3. Entrapment due to rocks or debris or severe water hydraulics

4. Wearer drowned from wave splash (mouth immersions) before rescue

5. Wearer sustained other injury which prevented keeping face out of water or injury restricted airway.

6. Wearer became unconscious and was not wearing a self&#8208;righting life jacket model.

7. Failing of self&#8208;righting life jackets.


----------



## Swamp Monster (Jan 11, 2002)

caseyj said:


> Looks like I will be ordering possibly next week. I am being told that if I wait beyond Memorial Day the shipping time will go to 6 weeks or more. I'm a little disapointed in the fact that I wanted to check out an Ultimate before I decided but there doesn't seem to be in dealers in my area. I think the closest would be Portage, Mi.
> 
> One other concern is that I will be needing a life jacket. Any advice appreciated.
> 
> I am also considering a color. I know camo is popular, but not necessarily off shore with high speed boats present or if I require help. Your thoughts?


Whats wrong with Powers Outdoors, they are a Native dealer and they are located in Newaygo.


----------



## caseyj (Apr 8, 2001)

Swamp -

I checked with Powers earlier and they had none in stock and I didn't get the feeling that they were going to reorder. They mentioned the Wilderness line as a replacement. Perhaps I misunderstood. It would be great if they did have both the Coosa and the Ultimate as than I could demo both.

This kayak thing can drive you nuts! This morning, I picked up and article on a kayak that is almost the twin of the Coosa. Check out kckayaks.com when you get a chance. A little larger than the Coosa as well as pricier but interesting.
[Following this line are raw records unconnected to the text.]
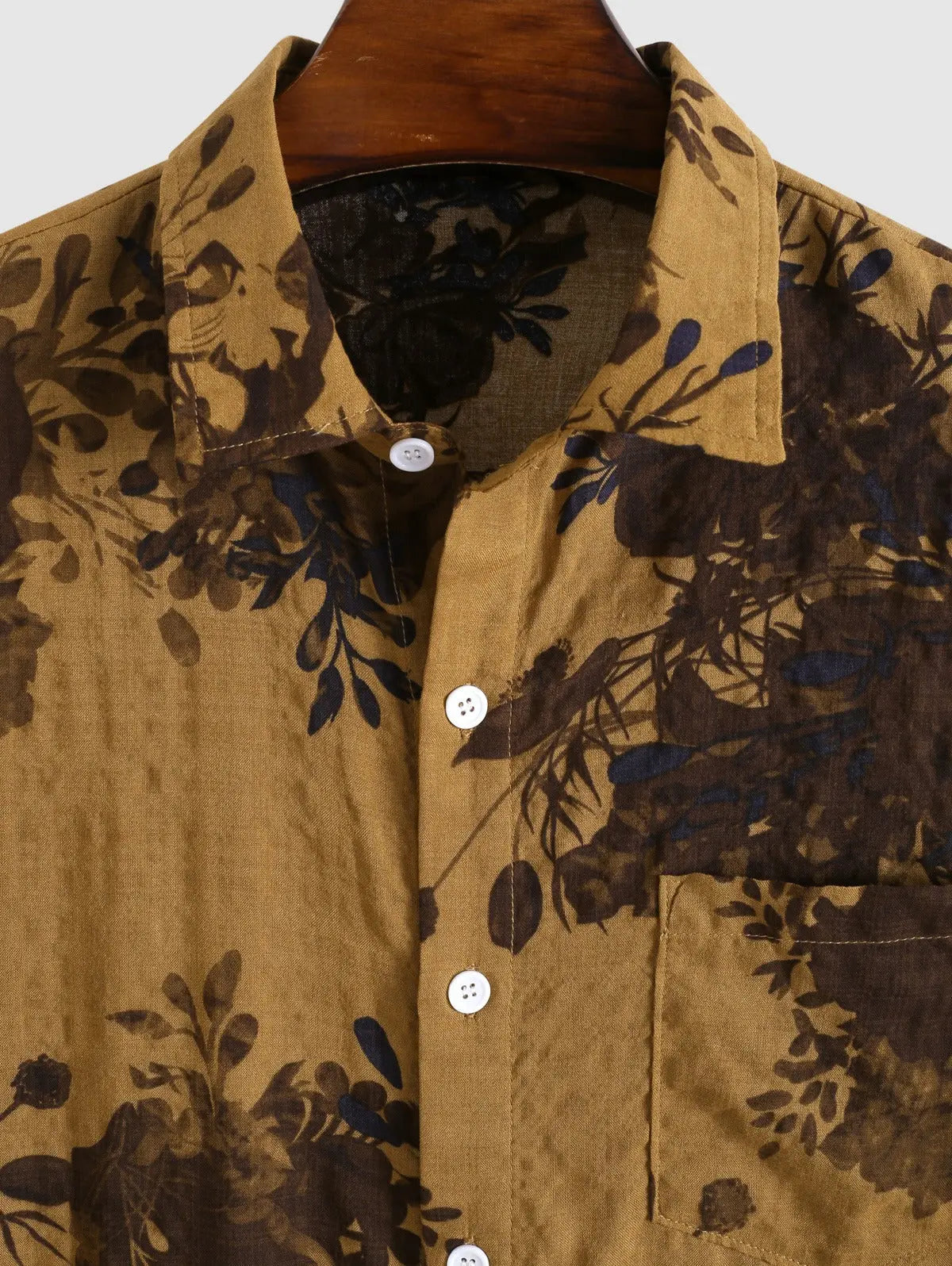 Mens Retro Floral Leaf Print Cotton Vacation Shirt Kosyway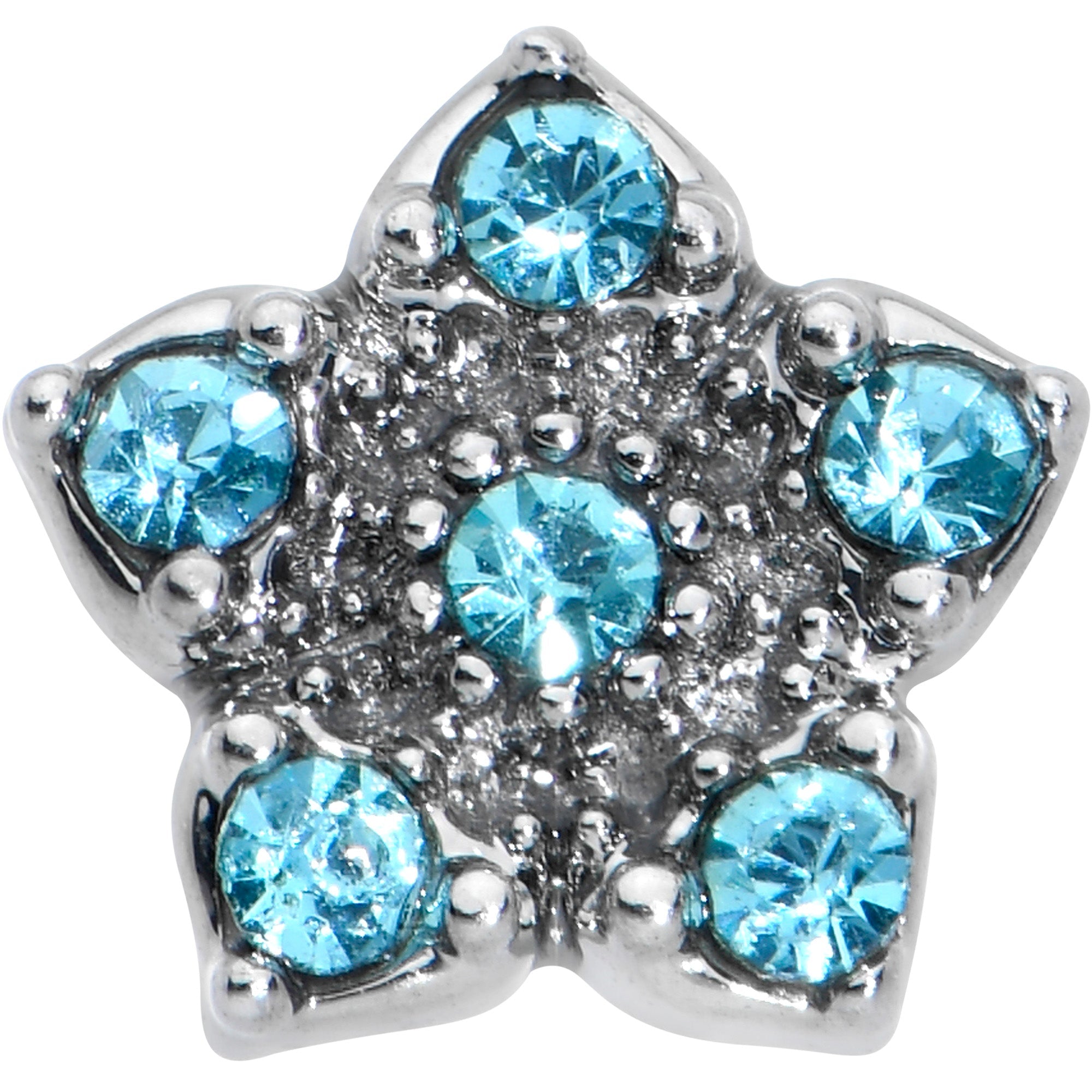 BodyCandy 20G 7mm Blue Clear Gem Star Flower L Shape Nose Ring — detail close-up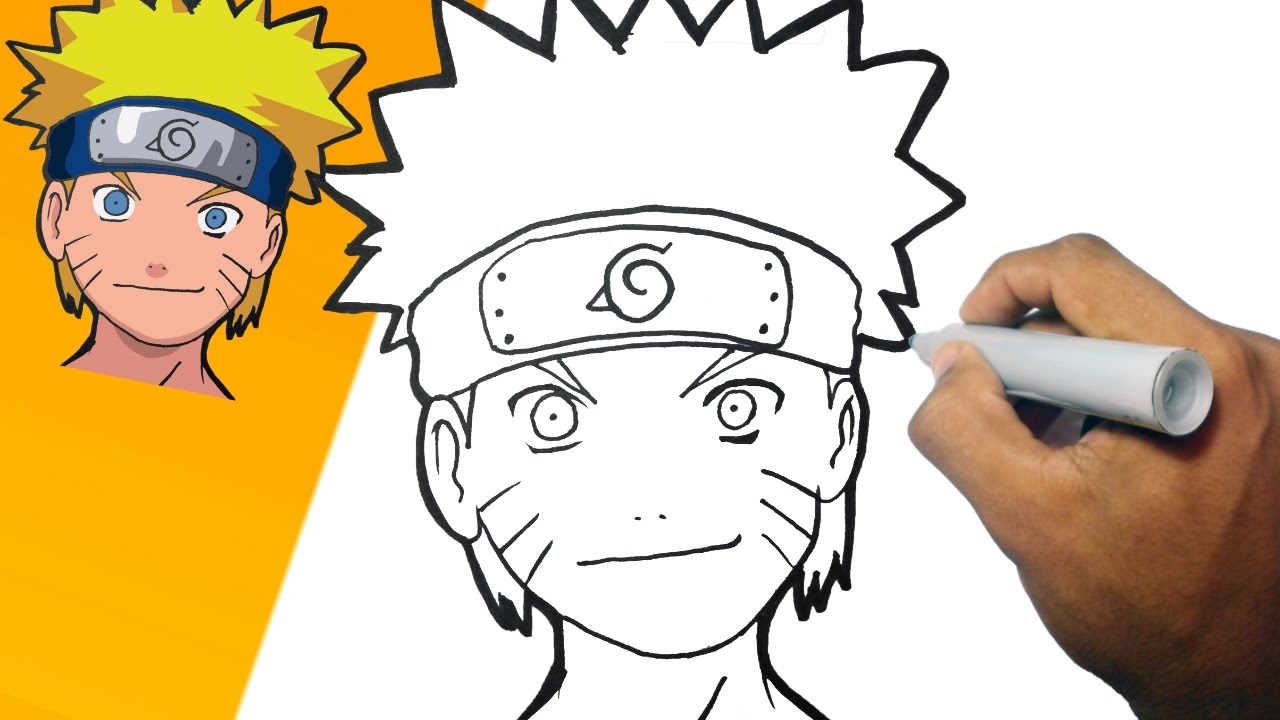 Como dibujar a NARUTO paso a paso  how to draw NARUTO step by step, dibujos de A Naruto, como dibujar A Naruto paso a paso
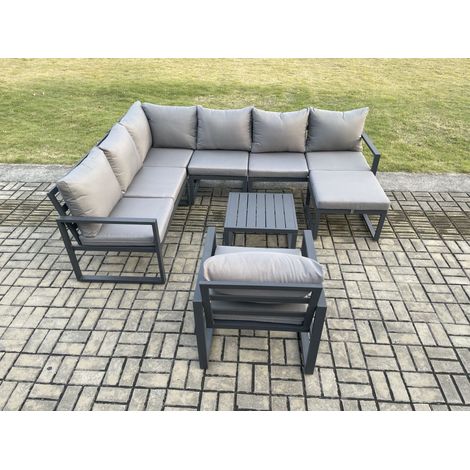 Fimous 8 Seater Aluminium Garden Furniture Set Outdoor Lounge Corner Sofa Chair Square Coffee Table Sets with Big Footstool Dark Grey (1/5)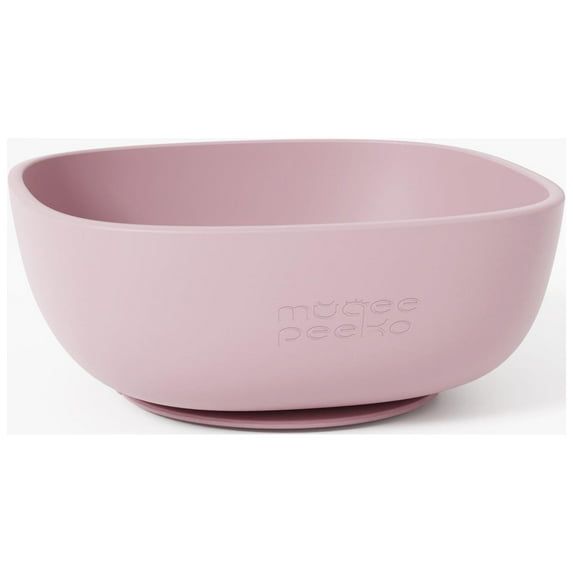 Baby Silicone Bowl with Suction by Muqee Peeko in Rose Petal Pink Color for girls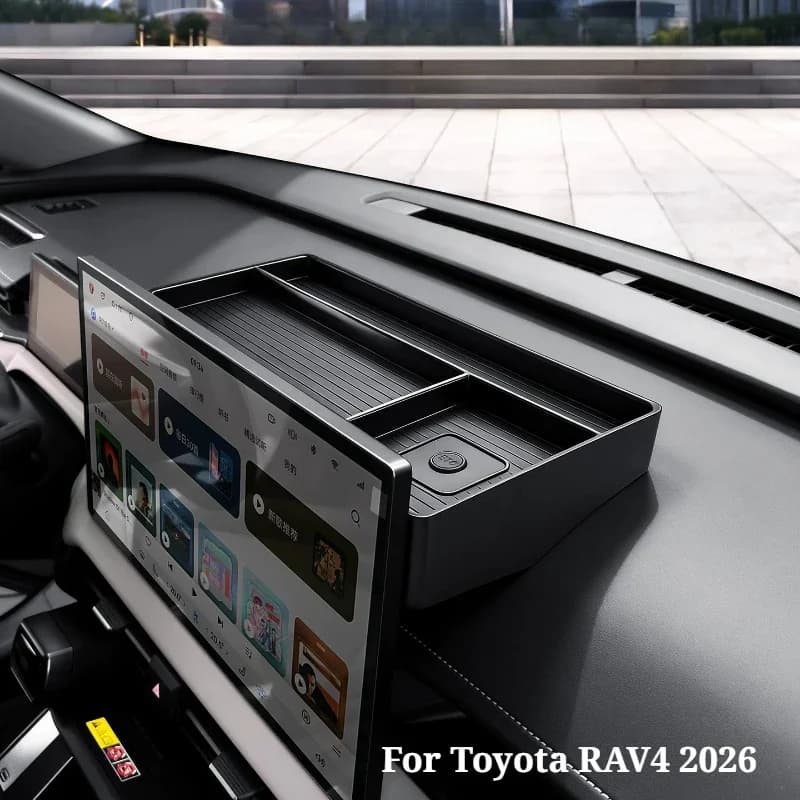 For Toyota RAV4 2026 Silicone Dashboard Screen Storage Box Organizer Tray Interior Non Slip Auto Accessories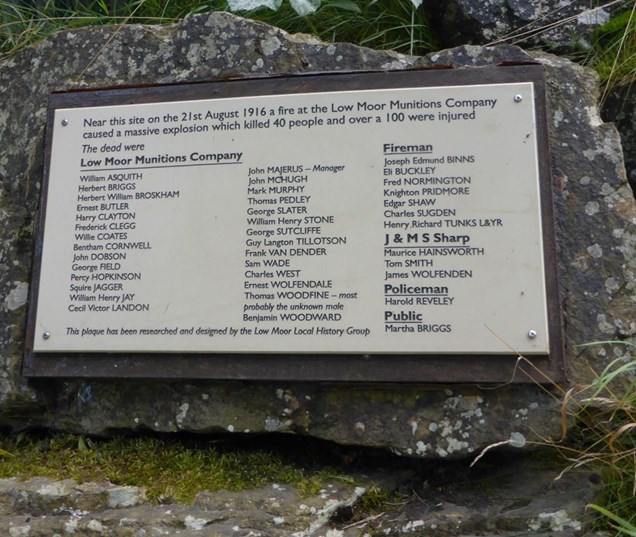 Two Plaques Adjacent To Spen Valley Greenway Detail What Happened On The Side Of The Old Railway Line At Low Moor 1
I also contacted a dealer in Fremont on the Ultimate only to find out that they had moved to Indian River, Mi.


----------



## Swamp Monster (Jan 11, 2002)

caseyj said:


> Swamp -
> 
> I checked with Powers earlier and they had none in stock and I didn't get the feeling that they were going to reorder. They mentioned the Wilderness line as a replacement. Perhaps I misunderstood. It would be great if they did have both the Coosa and the Ultimate as than I could demo both.
> 
> ...




Powers has (or atleast) had a 12' Ultimate that they used strictly has a demo. I know I used it before placing my order. Maybe they no longer have it and that's a shame....it was a propel unit but with the propel removed it handles just like a standard Ultimate. Ask them if they still have the 12' sand colored ultimate propel you can demo. Just wait, soon after you buy your first, you'll want a second one as well!
_Posted via Mobile Device_


----------



## GoNorthMore (Jul 17, 2009)

Just picked up 2 maunual inflatable PFD suspender sets from Manventureoutpost.com, they've got them for under $70 on a couple models. I tested one and it does just what they say it will do, as lightweight and low profile as they are I expect will be much better than my old pfd. Camo model was under $80.


----------



## caseyj (Apr 8, 2001)

Swamp -

I checked with Powers and they said that they are a dealer for the Ultimate but on special order only.

GoNorthMore -

Thank you for the response, I'll check them out. My thoughts lie with the hot Summer weather vs. the Fall. Seems like a life vest would be cumberson over or under a heavy jacket. Inflatables would be an alternative consideration.


----------



## TC-fisherman (Feb 15, 2003)

bill and pauls sporthause in GR is an Ultimate dealer with stuff instock. Thery do demos days

franks in linwood had great clearance deals on ultimates earlier this month.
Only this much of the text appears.